> TRY IT
What lines in the data hold the string "with"? Show them.

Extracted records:
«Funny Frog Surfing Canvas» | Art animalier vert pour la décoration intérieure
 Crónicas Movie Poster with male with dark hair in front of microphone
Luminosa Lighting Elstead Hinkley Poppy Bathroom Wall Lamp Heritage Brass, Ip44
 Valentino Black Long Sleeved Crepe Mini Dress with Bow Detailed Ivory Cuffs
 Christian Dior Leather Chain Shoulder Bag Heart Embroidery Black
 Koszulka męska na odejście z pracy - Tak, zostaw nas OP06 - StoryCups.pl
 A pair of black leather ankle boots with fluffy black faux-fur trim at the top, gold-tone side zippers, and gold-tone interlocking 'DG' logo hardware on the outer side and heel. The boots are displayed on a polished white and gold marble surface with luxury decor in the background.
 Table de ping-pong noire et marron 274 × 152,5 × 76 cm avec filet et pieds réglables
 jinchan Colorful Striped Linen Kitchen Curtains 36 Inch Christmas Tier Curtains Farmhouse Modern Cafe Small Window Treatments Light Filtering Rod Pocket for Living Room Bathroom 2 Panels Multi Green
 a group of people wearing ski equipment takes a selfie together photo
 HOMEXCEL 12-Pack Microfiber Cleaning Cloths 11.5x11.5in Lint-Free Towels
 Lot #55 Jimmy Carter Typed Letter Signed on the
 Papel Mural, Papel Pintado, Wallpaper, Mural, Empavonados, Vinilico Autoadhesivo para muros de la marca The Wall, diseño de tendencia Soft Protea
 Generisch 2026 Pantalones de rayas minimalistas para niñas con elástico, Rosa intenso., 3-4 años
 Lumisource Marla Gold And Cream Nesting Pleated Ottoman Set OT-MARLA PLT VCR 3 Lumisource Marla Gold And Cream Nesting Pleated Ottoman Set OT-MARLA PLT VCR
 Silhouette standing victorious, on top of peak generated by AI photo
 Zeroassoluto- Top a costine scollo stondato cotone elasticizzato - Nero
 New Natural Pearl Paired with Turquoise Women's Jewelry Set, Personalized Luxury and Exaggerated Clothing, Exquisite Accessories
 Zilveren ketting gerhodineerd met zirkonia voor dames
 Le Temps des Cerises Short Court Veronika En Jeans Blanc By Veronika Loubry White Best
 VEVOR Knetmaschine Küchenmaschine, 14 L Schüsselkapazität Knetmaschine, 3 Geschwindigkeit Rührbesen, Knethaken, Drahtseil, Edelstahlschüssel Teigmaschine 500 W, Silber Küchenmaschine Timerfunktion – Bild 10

> YOUR SOLUTION
 Crónicas Movie Poster with male with dark hair in front of microphone
 Valentino Black Long Sleeved Crepe Mini Dress with Bow Detailed Ivory Cuffs
 A pair of black leather ankle boots with fluffy black faux-fur trim at the top, gold-tone side zippers, and gold-tone interlocking 'DG' logo hardware on the outer side and heel. The boots are displayed on a polished white and gold marble surface with luxury decor in the background.
 New Natural Pearl Paired with Turquoise Women's Jewelry Set, Personalized Luxury and Exaggerated Clothing, Exquisite Accessories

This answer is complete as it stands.